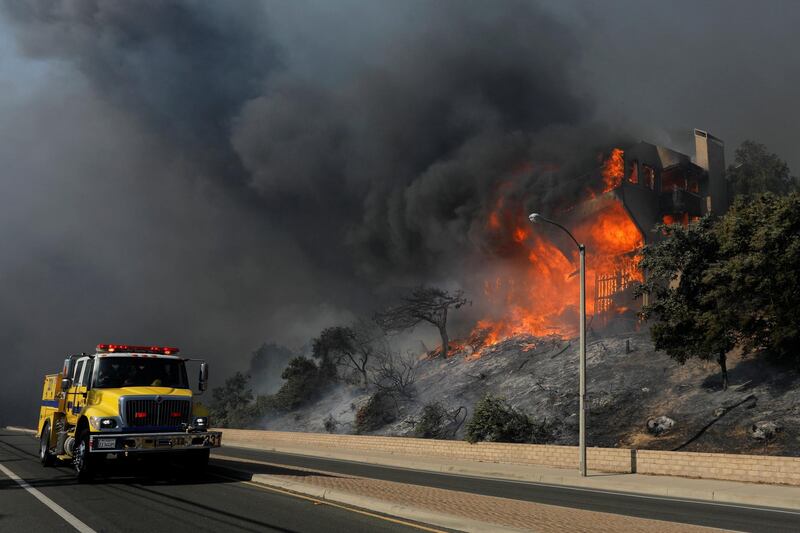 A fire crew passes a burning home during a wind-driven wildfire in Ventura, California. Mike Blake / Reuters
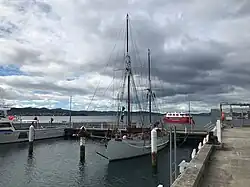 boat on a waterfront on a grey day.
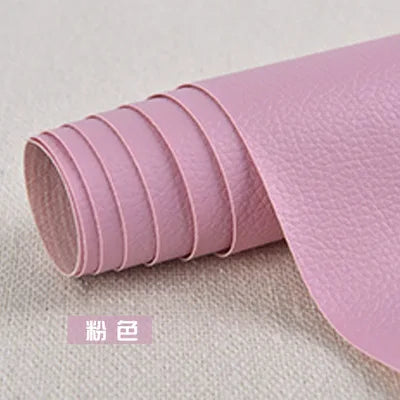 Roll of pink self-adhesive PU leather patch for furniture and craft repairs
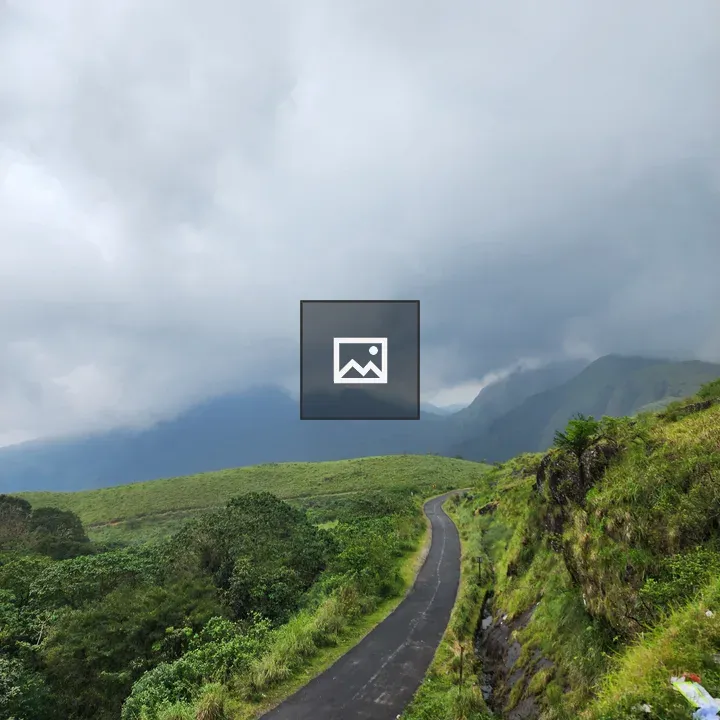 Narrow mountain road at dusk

####################

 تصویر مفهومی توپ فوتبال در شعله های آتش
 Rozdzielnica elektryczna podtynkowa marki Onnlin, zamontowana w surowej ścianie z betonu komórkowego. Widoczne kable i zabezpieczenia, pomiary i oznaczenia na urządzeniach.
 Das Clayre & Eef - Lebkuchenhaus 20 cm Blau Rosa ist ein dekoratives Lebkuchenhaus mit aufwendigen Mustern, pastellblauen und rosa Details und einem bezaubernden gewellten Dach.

####################

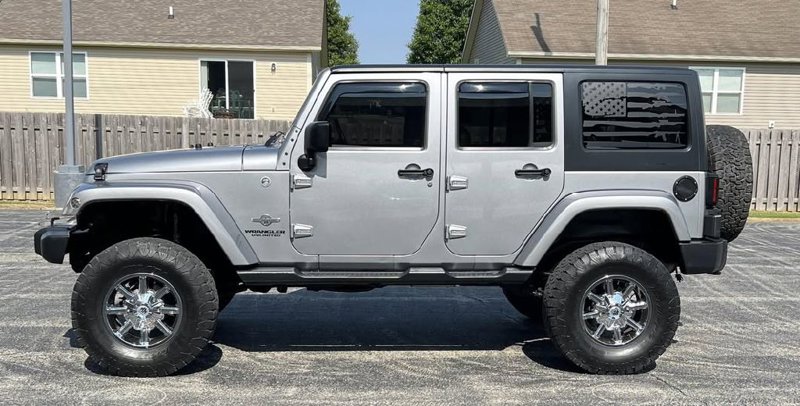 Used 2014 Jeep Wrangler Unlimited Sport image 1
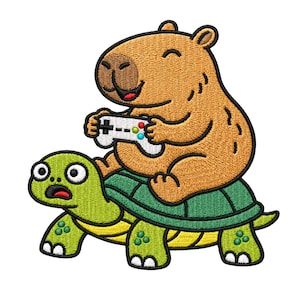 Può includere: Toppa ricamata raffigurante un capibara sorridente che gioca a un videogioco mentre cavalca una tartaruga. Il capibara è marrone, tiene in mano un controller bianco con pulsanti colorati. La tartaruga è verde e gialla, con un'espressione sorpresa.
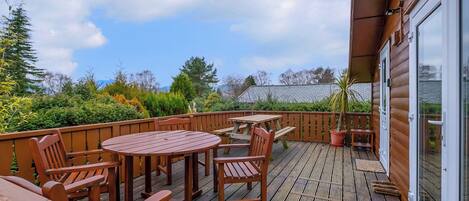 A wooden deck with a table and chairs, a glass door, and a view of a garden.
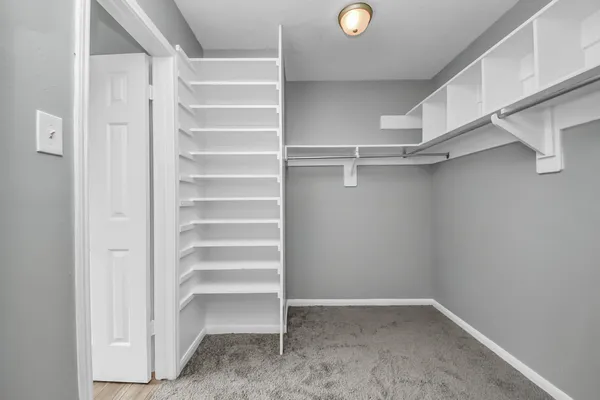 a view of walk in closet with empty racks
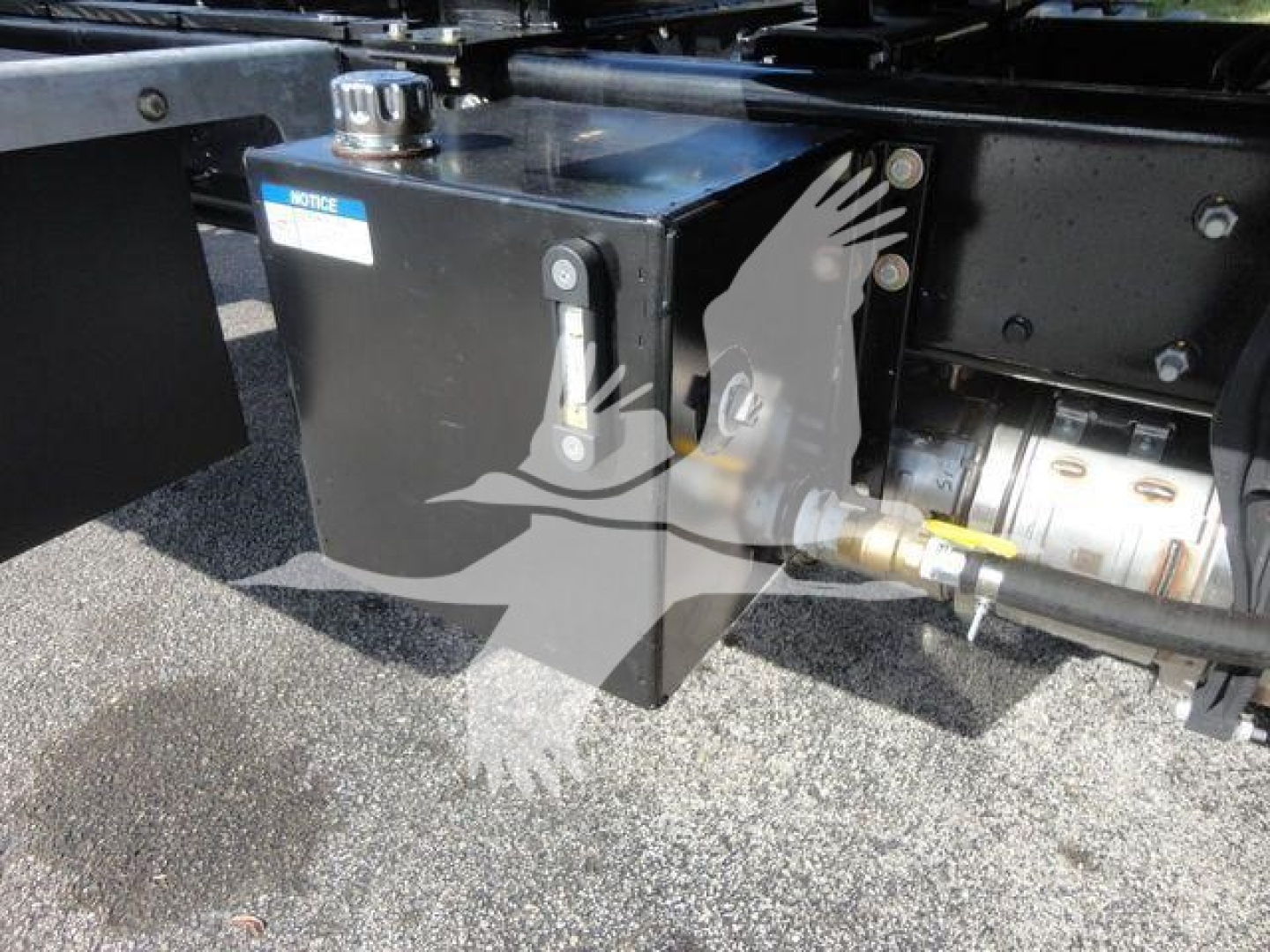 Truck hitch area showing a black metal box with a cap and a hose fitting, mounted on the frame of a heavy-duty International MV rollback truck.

####################

In the material above, which lines fall between the one holding "A wooden deck" and the one holding "Truck hitch area", inclusive? Print exactly those, with the pictures left out.

RESPONSE BOX
 A wooden deck with a table and chairs, a glass door, and a view of a garden.
 a view of walk in closet with empty racks
 Truck hitch area showing a black metal box with a cap and a hose fitting, mounted on the frame of a heavy-duty International MV rollback truck.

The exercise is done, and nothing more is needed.